The proper role of the law is exactly the same as the proper role of violence: that it be used only in response
to the immoral use of violence. For only the unjust initiation of violence can justify the use of violence in retaliation. A just law is one that stands up to this criterion.

There is another side to the coin we have here been describing. This side of the coin is expressed by the question, "What is the moral status of a law that is not used in response to the immoral use of violence?" That law would itself constitute the immoral use of violence, for it is the initiation of violence that is unjust, and the retaliation again such an initiation of violence that is just. If the morality of the law derives solely from the moral right of each man to defend himself with violence from violent aggression, and the law itself becomes violent aggression, then man has the right to defend himself from it with violence.

As Frederic Bastiat wrote in The Law, "The law perverted! The law, I say, not only turned from its proper purpose but made to follow an entirely contrary purpose! The law become the weapon of every kind of greed! Instead of checking crime, the law itself guilty of the evils it is supposed to punish!"

Such is the moral status of any law that is not directly concerned with defending and protecting men's rights. Such is the moral status of any law concerning any action of any man that does not constitute violent aggression against another man's person or property.
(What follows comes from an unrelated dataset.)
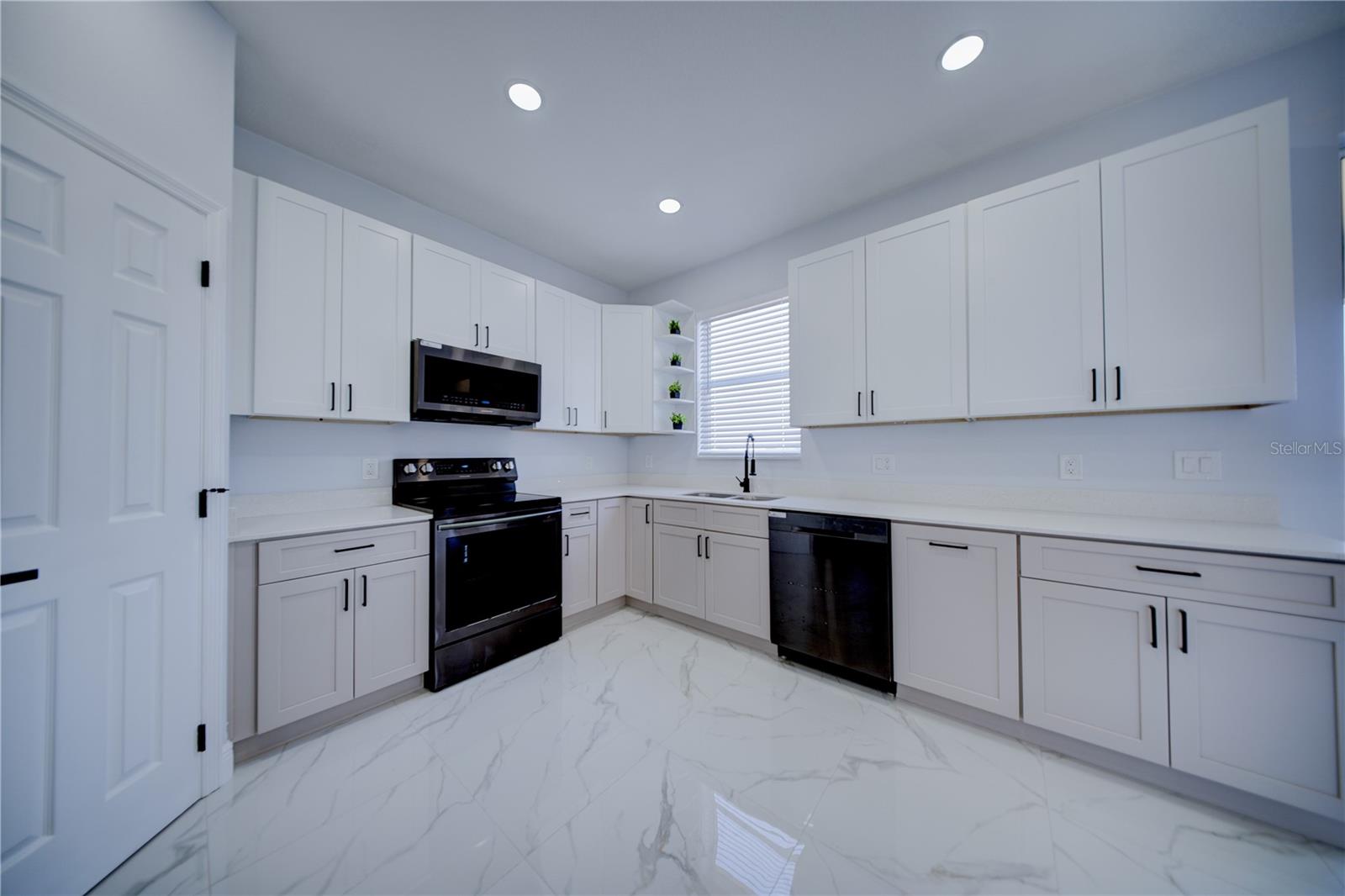 BRIGHTON LAKES - Residential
Such, therefore, is the moral status of any law concerning such activities as gambling, the use of drugs, prostitution, or any other action that does not constitute an initiation of violence against anyone's moral right to his own person or property. Our moral judgment of these actions is entirely irrelevant to the moral question which the law is actually concerned with, which is: Is the use of violence against this activity justified? The answer to this moral question is that if the activity itself does not involve violence, NO; the use of violence is not justified.

At least in regards to our personal lives, we recognize this truth. Upon seeing a man gambling, or smoking marijuana within his own home, very few men would attempt to drag the man into a cage and confine him there for having been so "immoral," even if they might condemn the morality of the action itself; for the act of locking the gambler or stoner in a cage would itself constitute an unwarranted and immoral use of violence. The gambler or stoner would be justified--regardless of the morality of his actions, which the attacker may well be right to condemn--in defending himself from his aggressor--even with violence, if such became necessary. For the gambler and the stoner are violating no one's rights; the moralizer who breaks into the former's home and tries to confine him to a cage is. Morally speaking, however, there is no distinction whatsoever from a policeman breaking into a person's home and throwing him in jail, and a private citizen breaking into a person's home and locking him in a cage. Where the one is justified, so is the other; and where the one is not, neither is the other.

As Frederick Bastiat wrote also in The Law, "[the] law by no means confines itself to its proper functions. And when it has exceeded its proper functions, it has not done so merely in some inconsequential and debatable matters. The law has gone further than this; it has acted in direct opposition to its own purpose. The law has been used to destroy its own objective: It has been applied to annihilating the justice that it was supposed to maintain; to limiting and destroying rights which its real purpose was to respect. The law perverted!"

The issue is not that the law should not concern itself with morality; it is that a law that initiates violence against the partaker in any activity which violates no one else's rights can have no pretense to being moral at all!